**Exercise description:**
Please print exactly the lines below, from the start of the material up to and including the line with "Veste à capuche", but none of the pictures.

**Record extracts:**

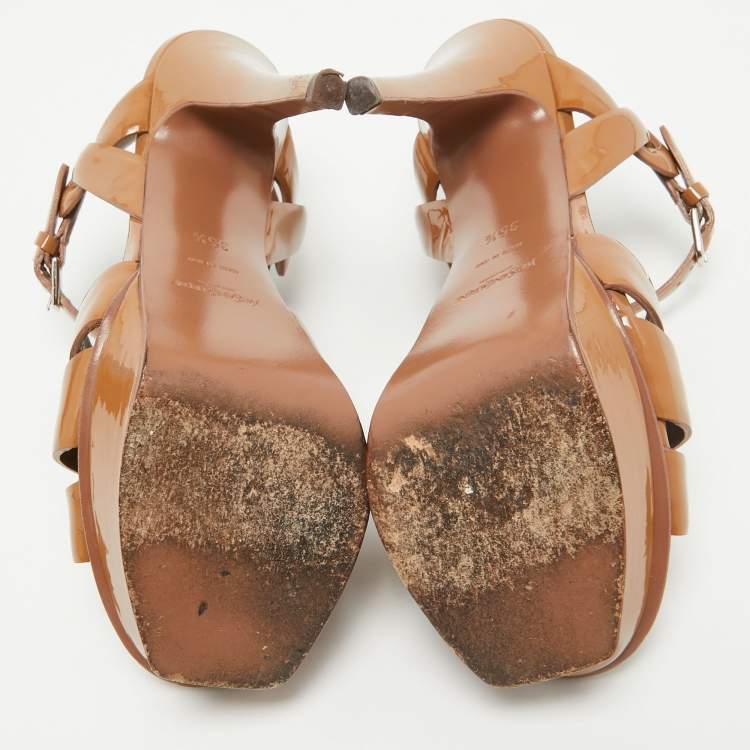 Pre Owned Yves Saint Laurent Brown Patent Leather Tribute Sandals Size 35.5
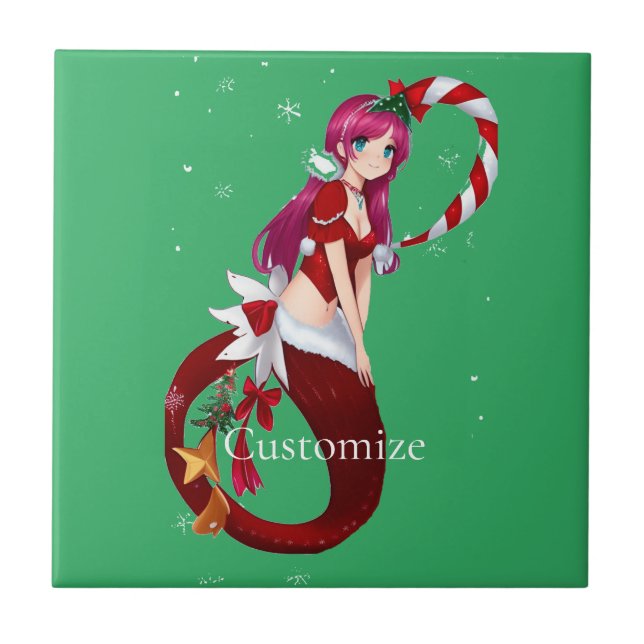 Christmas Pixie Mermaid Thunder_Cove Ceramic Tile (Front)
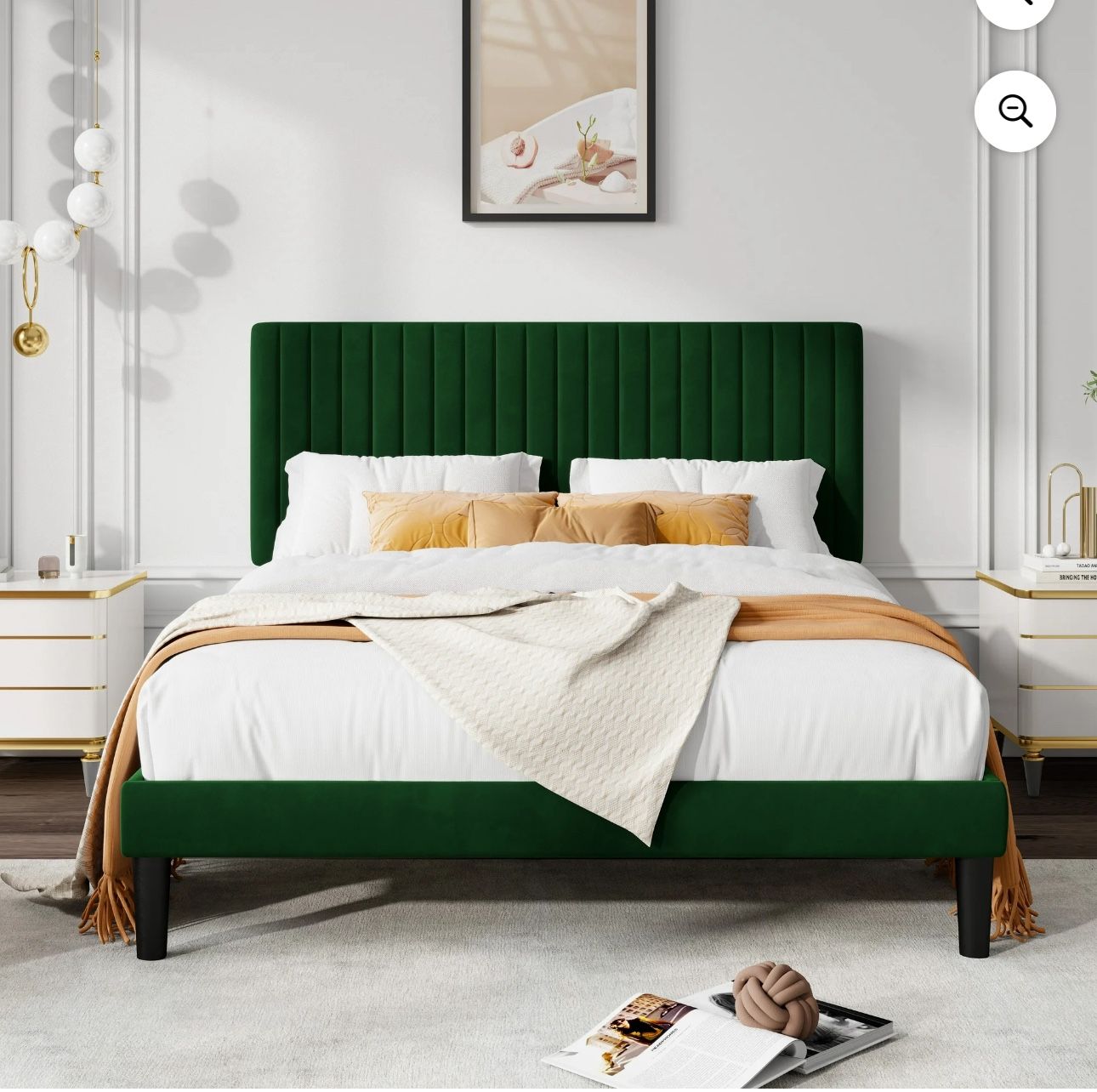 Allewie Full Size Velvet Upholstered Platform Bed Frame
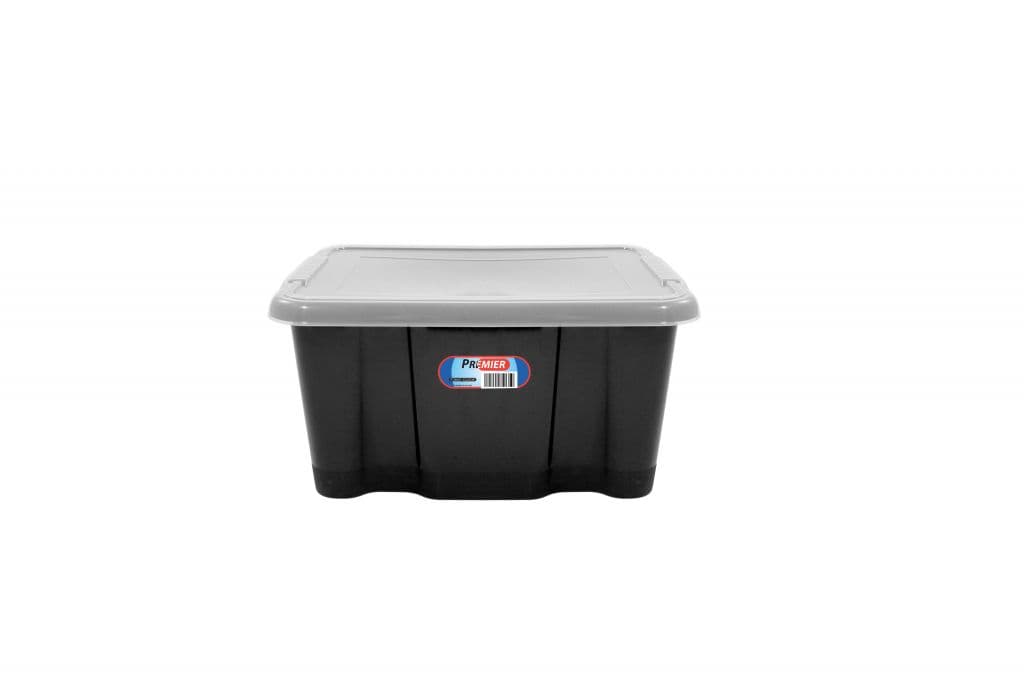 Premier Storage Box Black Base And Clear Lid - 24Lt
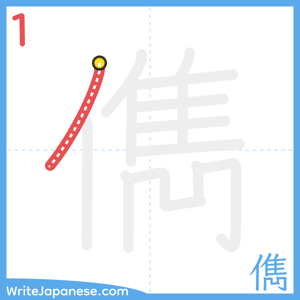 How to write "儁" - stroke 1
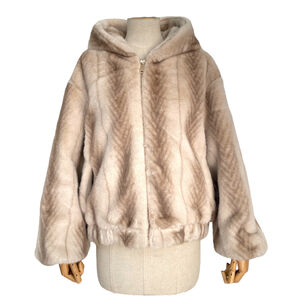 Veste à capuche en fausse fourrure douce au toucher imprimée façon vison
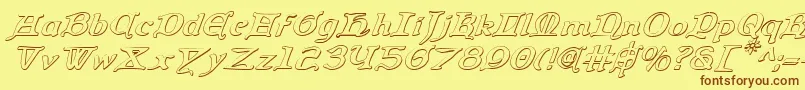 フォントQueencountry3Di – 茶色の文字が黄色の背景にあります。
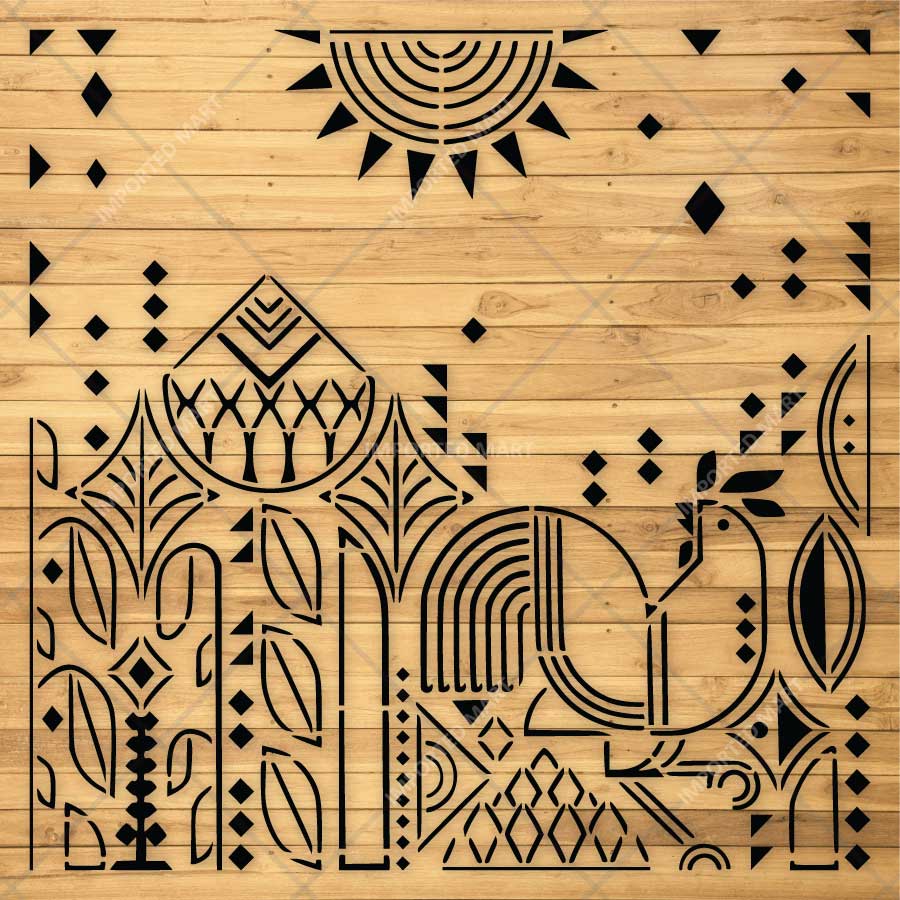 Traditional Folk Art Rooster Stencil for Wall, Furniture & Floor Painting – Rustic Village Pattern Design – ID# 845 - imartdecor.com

**Solution:**
 Pre Owned Yves Saint Laurent Brown Patent Leather Tribute Sandals Size 35.5
 Christmas Pixie Mermaid Thunder_Cove Ceramic Tile (Front)
 Allewie Full Size Velvet Upholstered Platform Bed Frame
 Premier Storage Box Black Base And Clear Lid - 24Lt
 How to write "儁" - stroke 1
 Veste à capuche en fausse fourrure douce au toucher imprimée façon vison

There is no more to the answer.